Hal’s orders for his second Vietnam tour had returned him back to the Mekong Delta, an area where he had become an expert, to Echo Company, 2nd Battalion, 5th Marine Regiment, 1st Marine Division.  He was attached as a reconnaissance point man for Echo Company. By then he was a Sergeant. Hal said there were 150,000 more American soldiers there than before as the war buildup continued. Marine Corps then broke down into four-man fire teams — a rifleman, assistant rifleman, a Brownie Automatic (BAR) man and a munitions man. This was the heart of the Marine Corps operation. Each squad had three fire teams, for a total of 12 men. There are three squads to a company. Each battalion consisted of four companies, 146 men. These teams could act on a small basis or function as a group. Hal said that communication in the field in Vietnam was very good with short wave radios. They were PRC-6’s, which were a very light duty, short range radio.  Hal wondered why the Vietnamese never mastered that radio system. That befuddled him because they were so brilliant at every other thing.

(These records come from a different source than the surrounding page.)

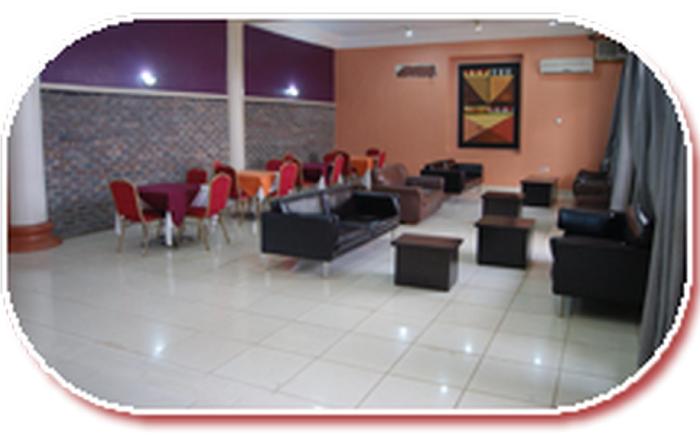 Dmatel Hotel And Resort Lekki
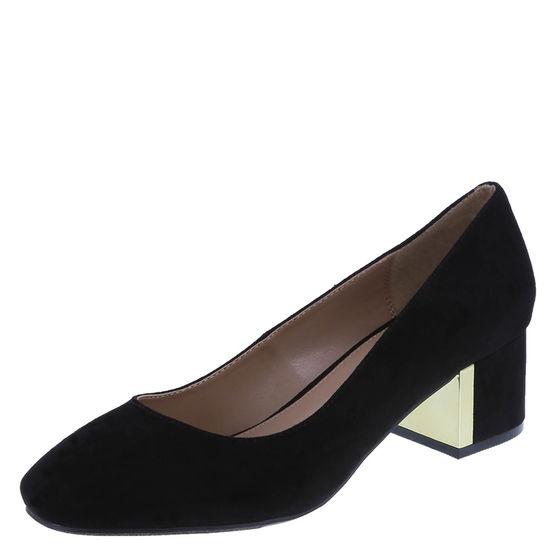 Fioni Women's Krue Low-block Heel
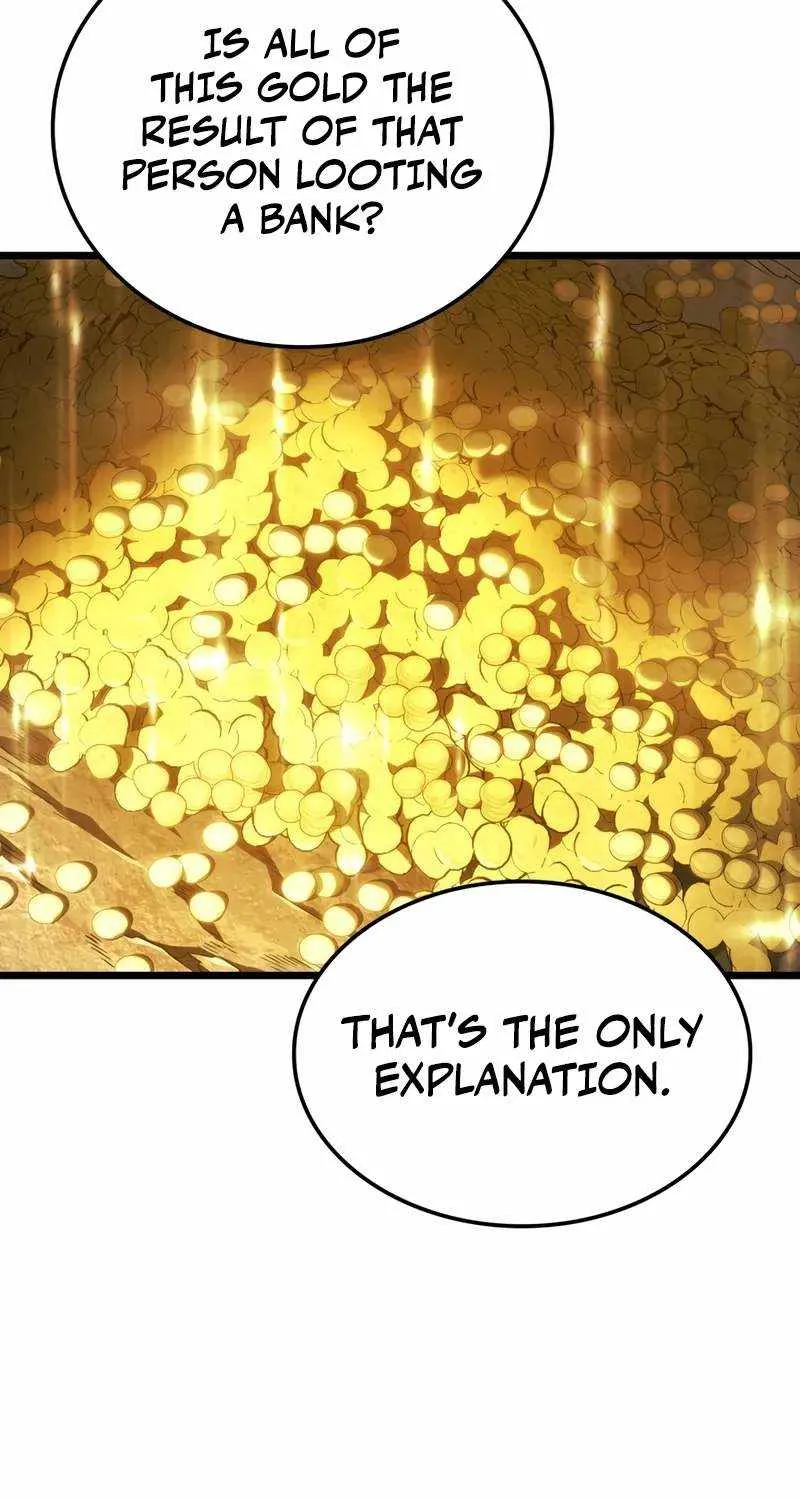 Revenge of the Iron-Blooded Sword Hound Chapter 112 page 6 - 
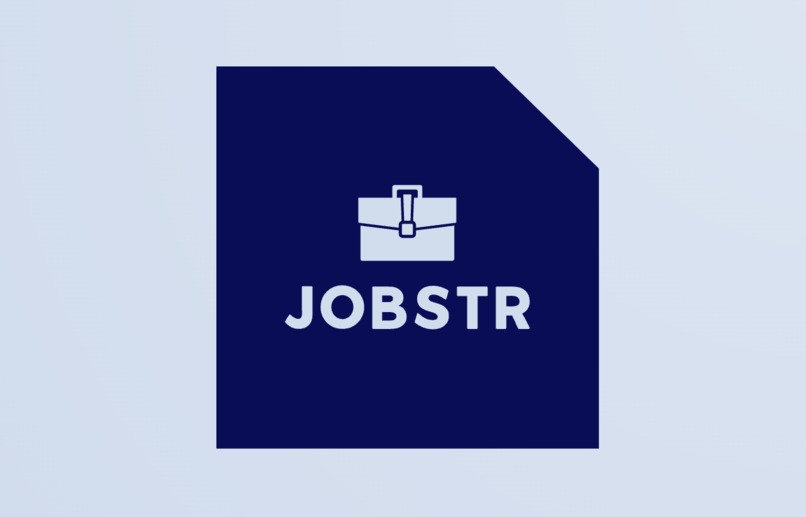 Jobstr – screenshot 1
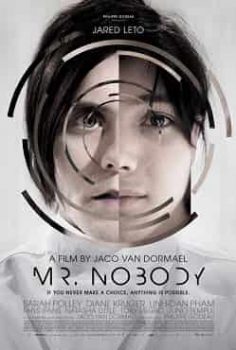 Mr. Nobody – Bay Hiçkimse izle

Hal said the Vietnamese had several advantages. One was their proficiency at digging tunnels. Those tunnels would go underground for miles. He said our troops could not figure out how the Vietnamese could move from place to place so quickly without being seen. They could move much faster because they were unobstructed. That was one factor that brought helicopters into the war, they could rapidly transport soldiers. One of the major difficulties was that our troops were still using World War 11 techniques, fighting in mass combat with big units. He said the Marines were the first service who broke away from the WWII open trench warfare to a new type that meant we had to be very mobile. We had to move quickly. Having a helicopter swoop in, pick up 12 guys, fly three miles, and get close enough to the ground to allow those guys to jump out was a method that we perfected and it became very proficient for the rest of the war. He said “to fight the Vietnamese they studied the techniques used by the Southern soldiers in the Civil War who fought with delaying-action tactics. They never faced the enemy unless they knew they had superior forces.  They never fought unless they knew they could win.”

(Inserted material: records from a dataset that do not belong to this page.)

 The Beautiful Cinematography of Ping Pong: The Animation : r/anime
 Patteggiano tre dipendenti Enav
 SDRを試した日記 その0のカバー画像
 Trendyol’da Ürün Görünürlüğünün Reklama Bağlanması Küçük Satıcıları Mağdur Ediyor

Focus on combat was something he had a concern about today’s soldiers. They have the ability for regular communication with loved ones at home on a daily basis. That has to be a detriment to their focus which should be about staying alive for another day.  According to Hal, with focus on combat, you never knew what day it was. In the field you lost track of birthdays and holidays. You knew the time of year because they had monsoons. He said “No one should ever complain about rain in the Portland area, they had rain that lasted literally, for months.”  Often you could be staying in an underground bunker, something called a hooch which were sand bags with dug out holes under the ground to protect you from mortars.  The Vietnamese did not have an Air Force. They never had big artillery but Hal said they could use small weapon better than any group of people he had ever seen or training against. Their use of mortars was outstanding. They could throw a  1,000 pounds into a camp before you could find where the rockets had been fired from. By that time, they’d be long gone. Communication in the field with your unit was very good with short wave radios. They were PRC-6’s, which were a very light duty, short range radio.  Hal wondered why the Vietnamese never mastered that radio system. That befuddled him because they were so brilliant at every other thing.

The promise that he could attend the college of his choice was the incentive that motivated Hal Long to sign up for his third Vietnam tour, this time for one year. The Marines said they could not afford to lose his experience in the field. And he knew he could not afford more college without the GI Bill. His dream was to attend University of Michigan – he said “there is nobody from my block in Detroit who went to the Univ of Michigan and I wanted to be the first one.” He remained in the same unit, Echo Company, 2nd battalion, 5th Marines Regiment. 1st Marine Division.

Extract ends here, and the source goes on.